Wednesday, April 1, 2020

Two Trees' Double Beauties

     Though unrelated, red maple trees and Bradford pear trees beautify many lawns and streets with their lovely flowers in spring and striking colored leaves in autumn.  Both these kinds of deciduous trees are commonly planted in those human-made habitats in the northeastern United States because of their many beauties, including shapes, summer foliage, spring blossoms and fall leaves.
     The native red maples are well-named, and attractive the year around.  They have innumerable red blooms from about mid-March to almost the middle of April and red seeds that helicopter away from the trees in late May.  Some of those seeds are eaten by rodents.  Red maple trees also have red petioles on their leaves in summer, red foliage in fall and red leaf and flower buds through winter.  But red maples are most striking with their beautiful red blossoms in spring and breath-taking red foliage in autumn, giving us double beauty each year and reasons they are planted on lawns.

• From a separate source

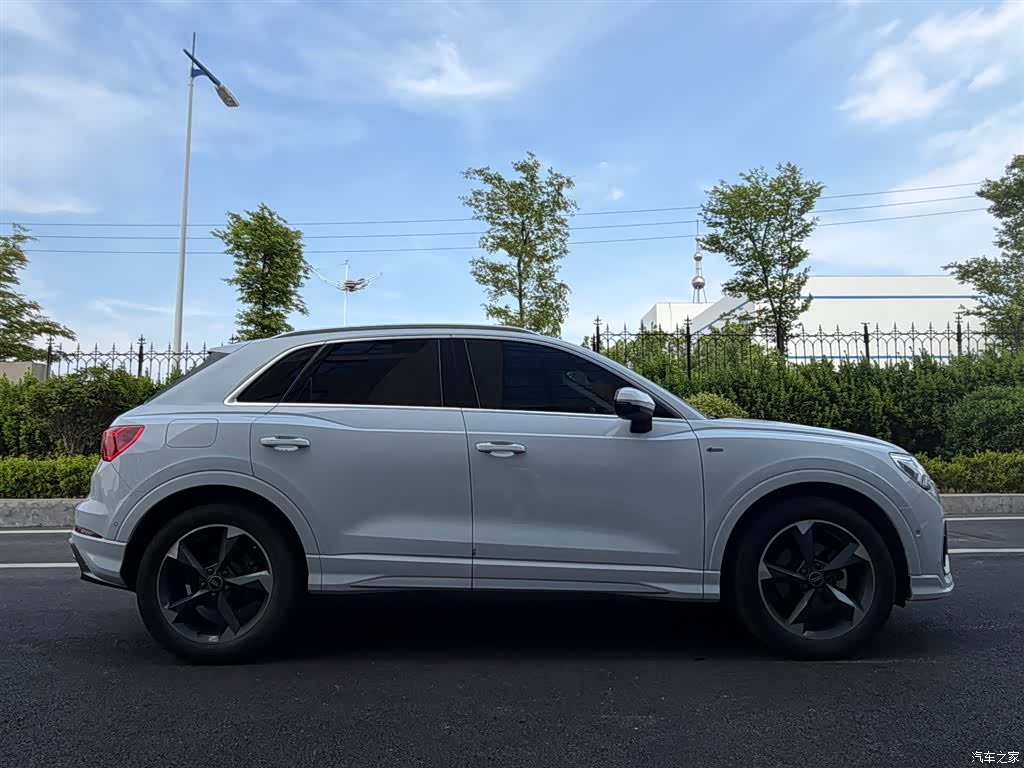 Audi Q3, 2022 все фото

     Red maples are native to and abundant in wooded swamps and the moist soil of bottomland woods.  In spring the many red flowers of these lovely trees color their canopies red, while spring peeper frogs and American toads peep and trill in ponds and pools below them.
     The alien Bradford pears have multitudes of white blossoms during late March and much of April.  Those blooms are often swarmed by pollinating insects that sip nectar and transfer pollen from flower to flower.  Each fertilized flower produces a brown, berry-like fruit, many of which are ingested in fall and winter by rodents and berry-eating birds, including starlings, American robins and cedar waxwings. 

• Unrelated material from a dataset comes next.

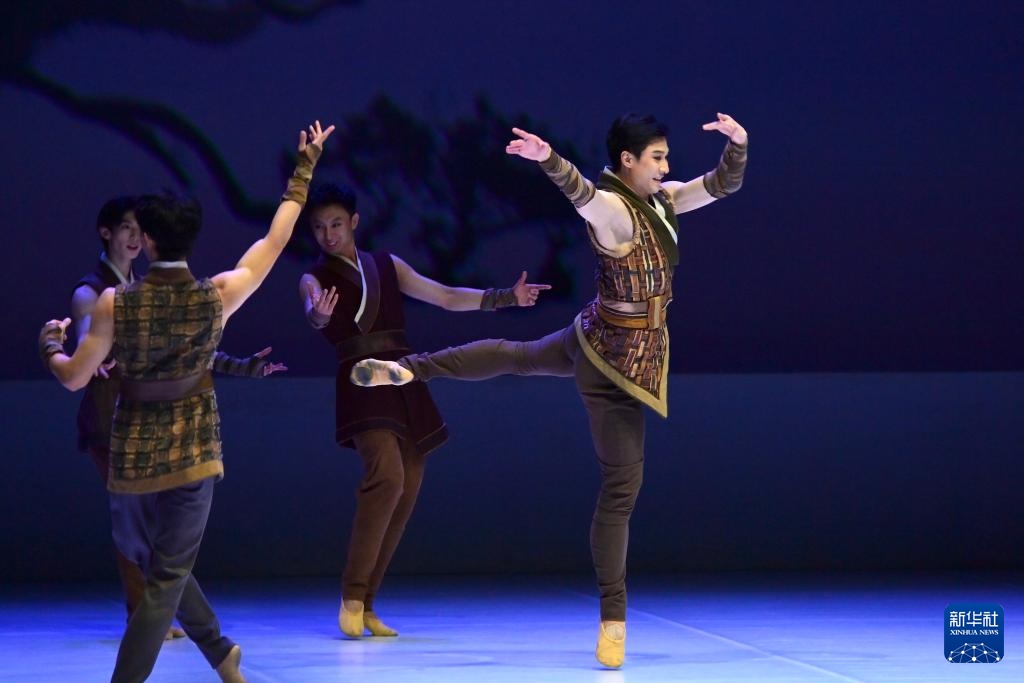 足尖上的沈阳：芭蕾在这座工业重镇舞动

     The birds digest the fruits' pulp, but pass the seeds in their droppings all over the countryside, the method, by which Bradford pears escape cultivation.  Some of those seeds sprout and, in some places, their saplings form pure  thickets of themselves, which produce more fruits that feed rodents and birds.   
     In November, Bradford pears have breath-taking maroon and red foliage, including on lawns where they were planted, and in abandoned fields and along expressways, places where birds perched and pooped.  And where the land isn't plowed, cultivated or mowed, allowing the growth of the trees to beautiful maturity in the "wild".
     I've seen  a few pure, dense thickets of Bradford pear trees in abandoned fields in Lancaster County, Pennsylvania.  Those stands are beautifully white with flowers in April, and regally maroon, with some red foliage, in November. 
     Red maple trees and Bradford pear trees are attractive to us and beneficial to several kinds of wildlife.  And the pretty pear trees are gradually becoming part of the landscape in this area.